Return exactly the span of lines in the following data that opens with the line containing "10 Pk 5 Inch" and closes with the line containing "Desktop Screenshot of". Include nothing else.

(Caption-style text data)
┌──

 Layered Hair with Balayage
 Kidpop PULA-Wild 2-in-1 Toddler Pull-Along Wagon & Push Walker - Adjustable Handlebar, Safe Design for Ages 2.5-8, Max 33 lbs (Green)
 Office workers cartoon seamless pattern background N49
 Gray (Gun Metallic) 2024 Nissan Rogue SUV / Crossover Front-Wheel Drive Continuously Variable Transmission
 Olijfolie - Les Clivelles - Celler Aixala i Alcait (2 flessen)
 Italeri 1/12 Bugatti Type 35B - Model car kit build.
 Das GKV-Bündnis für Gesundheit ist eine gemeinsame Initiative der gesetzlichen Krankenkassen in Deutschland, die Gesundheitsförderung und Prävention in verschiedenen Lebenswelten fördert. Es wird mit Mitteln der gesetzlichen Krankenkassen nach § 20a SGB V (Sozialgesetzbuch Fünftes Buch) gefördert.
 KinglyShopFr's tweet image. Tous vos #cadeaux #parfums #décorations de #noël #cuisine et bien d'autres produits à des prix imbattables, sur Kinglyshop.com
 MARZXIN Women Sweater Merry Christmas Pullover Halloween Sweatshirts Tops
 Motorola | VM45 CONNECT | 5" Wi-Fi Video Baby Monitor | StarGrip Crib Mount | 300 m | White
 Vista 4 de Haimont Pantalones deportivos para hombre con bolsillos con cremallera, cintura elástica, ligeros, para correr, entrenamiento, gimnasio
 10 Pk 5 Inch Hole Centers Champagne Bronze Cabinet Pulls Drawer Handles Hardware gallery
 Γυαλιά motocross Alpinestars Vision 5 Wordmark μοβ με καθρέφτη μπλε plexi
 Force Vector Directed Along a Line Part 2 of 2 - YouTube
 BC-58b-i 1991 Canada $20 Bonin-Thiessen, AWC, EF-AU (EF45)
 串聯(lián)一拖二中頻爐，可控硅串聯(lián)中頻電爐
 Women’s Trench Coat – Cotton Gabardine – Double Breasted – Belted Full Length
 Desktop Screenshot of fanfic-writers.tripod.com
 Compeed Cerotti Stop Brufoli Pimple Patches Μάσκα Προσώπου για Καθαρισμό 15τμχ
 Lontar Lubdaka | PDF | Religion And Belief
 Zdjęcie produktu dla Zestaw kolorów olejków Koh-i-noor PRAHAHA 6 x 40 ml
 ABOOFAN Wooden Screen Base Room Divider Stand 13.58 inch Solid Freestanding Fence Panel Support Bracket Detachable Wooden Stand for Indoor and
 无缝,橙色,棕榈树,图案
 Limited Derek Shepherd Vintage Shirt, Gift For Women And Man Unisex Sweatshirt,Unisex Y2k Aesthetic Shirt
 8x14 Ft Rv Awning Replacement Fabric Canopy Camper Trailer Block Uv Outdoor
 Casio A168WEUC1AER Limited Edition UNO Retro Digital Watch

└──

Your response:
 10 Pk 5 Inch Hole Centers Champagne Bronze Cabinet Pulls Drawer Handles Hardware gallery
 Γυαλιά motocross Alpinestars Vision 5 Wordmark μοβ με καθρέφτη μπλε plexi
 Force Vector Directed Along a Line Part 2 of 2 - YouTube
 BC-58b-i 1991 Canada $20 Bonin-Thiessen, AWC, EF-AU (EF45)
 串聯(lián)一拖二中頻爐，可控硅串聯(lián)中頻電爐
 Women’s Trench Coat – Cotton Gabardine – Double Breasted – Belted Full Length
 Desktop Screenshot of fanfic-writers.tripod.com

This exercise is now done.